*** Input data Section Begins ***
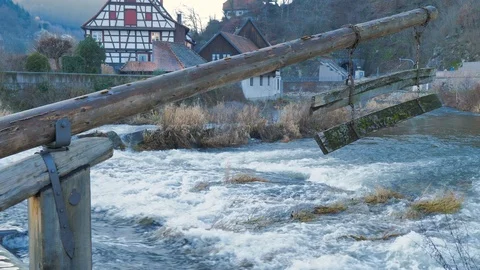 River with a lot of current with water jump from mill with village background Stock Footage 124495348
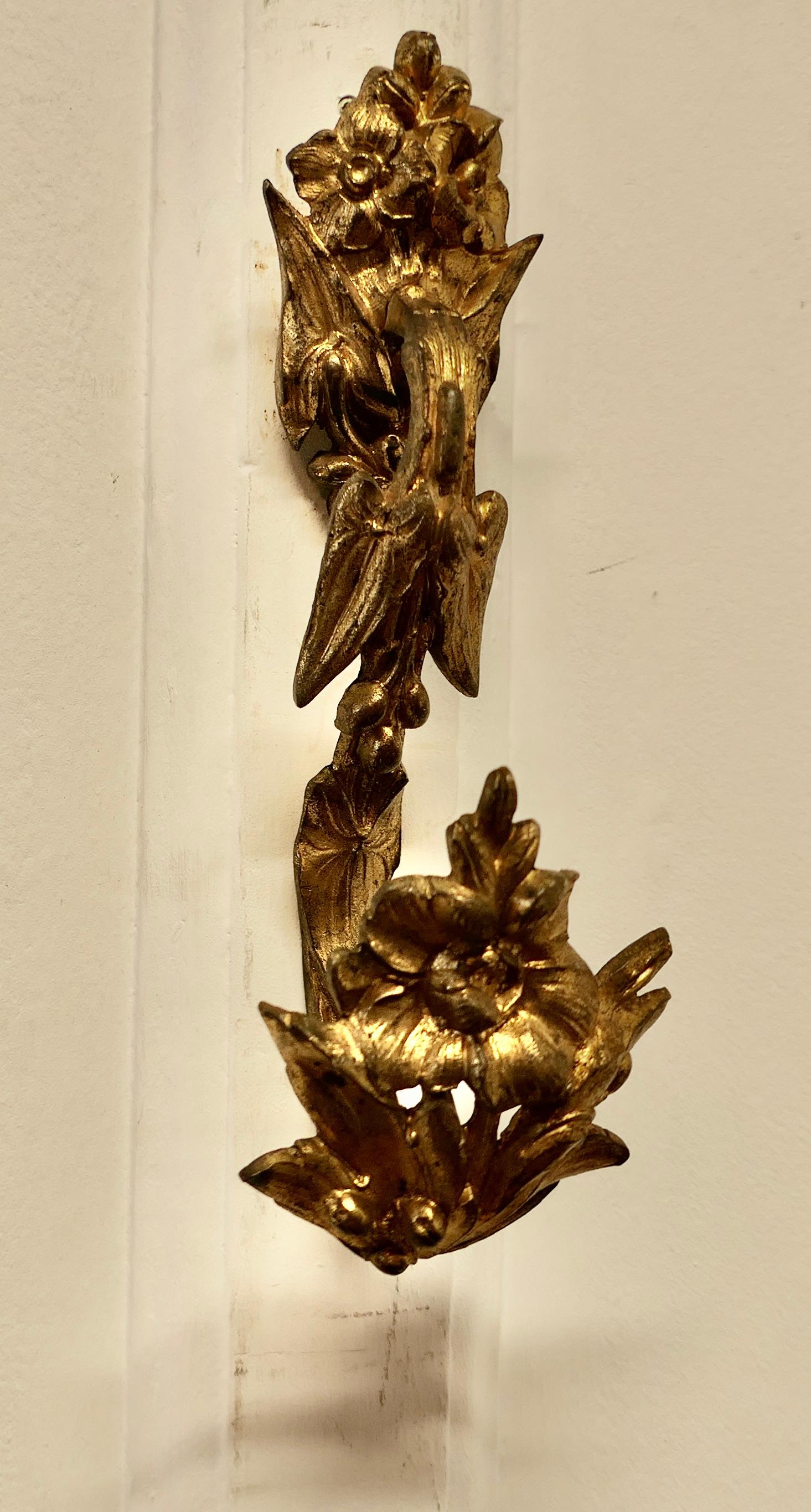 A Pair of Large French Rococo Ormalu Curtain Curtain Tie Backs 


The Tie Backs or Hooks are solid brass, they have flower decoration and are made in brass Ormolu 
 
 The brackets have a flat plate to fix them to the wall, and they are 9” tall, and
*** Input data Section Ends ***
- **What you should do**
When copying the listing, skip the pictures and keep each line exactly as written.

- **Solution below**
 River with a lot of current with water jump from mill with village background Stock Footage 124495348
 A Pair of Large French Rococo Ormalu Curtain Curtain Tie Backs 


The Tie Backs or Hooks are solid brass, they have flower decoration and are made in brass Ormolu 
 
 The brackets have a flat plate to fix them to the wall, and they are 9” tall, and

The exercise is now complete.